Tout le monde croit ou feint de croire que le problème est réglé lorsque la loi a été votée
Mais le plus grave concerne le fonctionnement même de la démocratie. Celle-ci a tendance à produire plus de normes que de résultats concrets. Discours, journaux, radios et télévisions le montrent à satiété. Il existe dans notre système politique un culte de la réforme par la norme : il faut modifier la Constitution, il faut voter une nouvelle loi, il faut élaborer une nouvelle directive européenne… La question de savoir si, appliquant un principe de subsidiarité, on pourrait réformer sans loi nouvelle en mobilisant les moyens existants est très rarement posée. La première conséquence est que tout le monde croit ou feint de croire que le problème est réglé lorsque la loi a été votée. Sa mise en œuvre concrète intéresse peu les médias et les communicants des responsables politiques. En revanche, l’artisan, l’agriculteur, le salarié, le retraité qui ont entendu les annonces politiques ne voient pas, faute d’une mobilisation suffisante de l’État sur l’exécution, les résultats concrets les concernant. Il en va d’autant plus ainsi que l’efficacité marginale des nouvelles normes tend à se réduire.

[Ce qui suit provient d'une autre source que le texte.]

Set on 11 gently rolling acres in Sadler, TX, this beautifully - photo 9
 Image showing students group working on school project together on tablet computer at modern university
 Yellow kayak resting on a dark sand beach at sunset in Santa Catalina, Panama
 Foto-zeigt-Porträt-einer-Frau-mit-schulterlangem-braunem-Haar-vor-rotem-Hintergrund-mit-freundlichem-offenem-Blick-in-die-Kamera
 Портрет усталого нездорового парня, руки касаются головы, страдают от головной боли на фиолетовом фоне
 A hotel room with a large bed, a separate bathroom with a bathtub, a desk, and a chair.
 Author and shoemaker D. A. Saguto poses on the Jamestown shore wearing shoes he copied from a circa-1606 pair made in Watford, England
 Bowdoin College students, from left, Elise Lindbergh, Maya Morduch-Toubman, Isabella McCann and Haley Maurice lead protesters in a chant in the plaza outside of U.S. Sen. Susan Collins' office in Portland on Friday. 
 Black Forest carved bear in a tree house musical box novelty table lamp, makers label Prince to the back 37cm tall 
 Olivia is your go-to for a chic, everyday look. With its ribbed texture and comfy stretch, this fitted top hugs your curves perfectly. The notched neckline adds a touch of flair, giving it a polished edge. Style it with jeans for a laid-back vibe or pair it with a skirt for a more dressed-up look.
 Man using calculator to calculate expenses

L’autre conséquence est qu’insidieusement l’accumulation des strates de normes et des jurisprudences limite, au-delà du raisonnable, les marges d’action et la rapidité de mise en œuvre des politiques publiques. Il doit certes exister une tension entre les exigences d’efficacité d’une politique publique et les contraintes juridiques auxquelles est subordonnée cette politique. Cette tension est normale, c’est le principe même du respect de l’État de droit. Elle implique toutefois de la part de ceux qui construisent, appliquent et interprètent les normes une forme de réserve, en veillant à préserver la capacité d’agir, de gouverner et d’obtenir des résultats visibles et tangibles au travers de l’action publique.
Le risque, que l’on a vu poindre au moment du Covid, est qu’un soupçon d’inefficacité pèse sur la démocratie, qui serait, à la différence de régimes « illibéraux », de moins en moins en capacité de répondre concrètement, rapidement et de façon adaptée aux besoins et attentes des « gens ». Les partis populistes ne s’y sont pas trompés. Ils voient dans ce soupçon un filon politique qu’ils exploitent. Le carburant de leurs succès électoraux est cependant de faire croire à une prétendue et illusoire efficacité dont le prix nécessaire serait la méconnaissance des piliers de l’État de droit.
Aussi les plus fervents défenseurs de la démocratie et de l’État de droit doivent-ils prendre conscience de cette menace endogène que constitue une inflation normative non contrôlée. La démocratie a certes besoin de normes et de principes intangibles. Mais ne la dispersons pas dans des normes nombreuses et inutiles qui nuisent à son efficacité, à sa capacité à réformer et donc à sa légitimité face à des acteurs qui ont une conception toute relative des exigences de l’État de droit et surtout face aux attentes du corps social.